This is assumed to be:
4x^2+12xy+9y^2+16x+24y+16=(2x+3y+4)^2 (12x should be 12xy).
The clue is the presence of perfect squares 4x^2, 9y^2, 16 which have square roots 2x, 3y, 4. All the signs are plus, so we try the sum of these factors 2x+3y+4. This is the trial method, and by multiplying the proposed square root by itself we can check if we get the original expression.
DIVISION METHOD
We write out the expression like the dividend in arithmetic long division, leaving a space on the left to write in a varying "divisor". We write the square root of the first squared variable. 4x^2 has a square root of 2x. Write 2x in the "quotient" and in the "divisor:
2x
2x | 4x^2+12xy+9y^2+16x+24y+16
Then we multiply the "quotient" and "divisor" and subtract the result from the "dividend";
2x
2x | 4x^2+12xy+9y^2+16x+24y+16
4x^2
12xy+...
We double the "divisor" to make it 4x, and divide it into 12xy, to give 3y.
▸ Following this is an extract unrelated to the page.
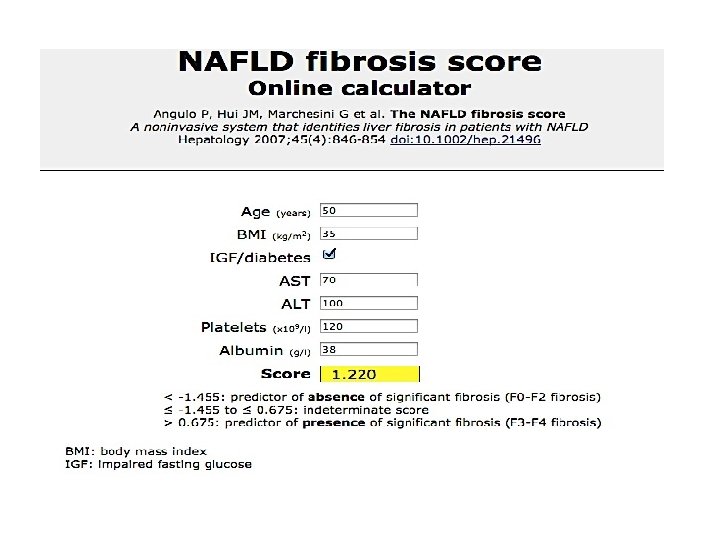 NAFLD fibrosis score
This is the next term in the "quotient" and also is added to the "divisor":
2x + 3y
2x | 4x^2+12xy+9y^2+16x+24y+16
4x^2
4x+3y | 12xy+9y^2+...
12xy+9y^2
16x+24y+16
We multiply 4x+3y by 3y=12xy+py^2 and subtract this from the remainder of the "dividend". To continue, we then double the last term of the "divisor" and divide it into the remaining 16x+24y+16, giving us 16x/4x=4:
2x + 3y + 4
2x | 4x^2+12xy+9y^2+16x+24y+16
4x^2
4x+3y | 12xy+9y^2+...
12xy+9y^2
4x+6y+4 | 16x+24y+16
16x+24y+16
0
As before, we add the latest term, 4, as the next term to the "divisor" and the "quotient". When we multiply the "divisor" by 4 and subtract the product from the remainder of the "dividend", we get zero, meaning that we have arrived at the square root 2x+3y+4.